**DATASET SECTION**.
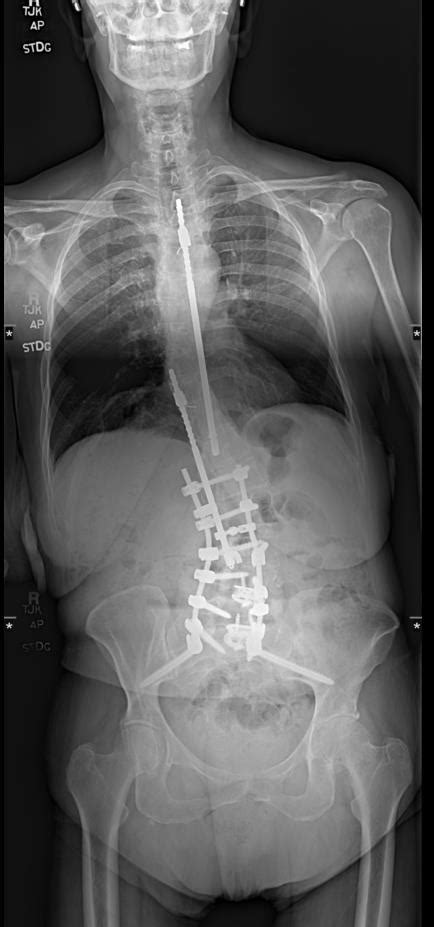 Harrington Rod Extension to the Pelvis and Multilevel Anterior Lumbar ...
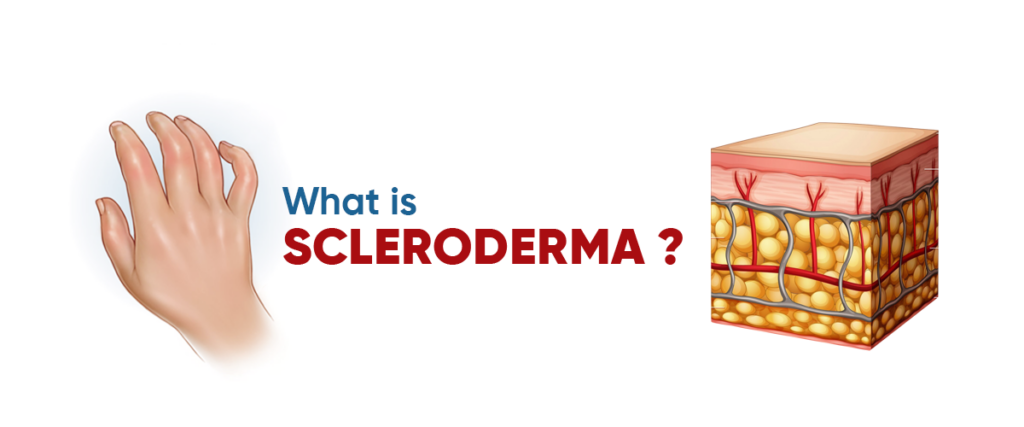 What is scleroderma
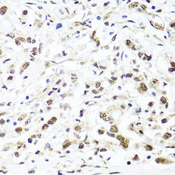 HIRA Antibody - Immunohistochemistry of paraffin-embedded human gastric cancer tissue.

**EXERCISE**. The material above should be repeated word for word, with every picture omitted.

**RESULT**.
 Harrington Rod Extension to the Pelvis and Multilevel Anterior Lumbar ...
 What is scleroderma
 HIRA Antibody - Immunohistochemistry of paraffin-embedded human gastric cancer tissue.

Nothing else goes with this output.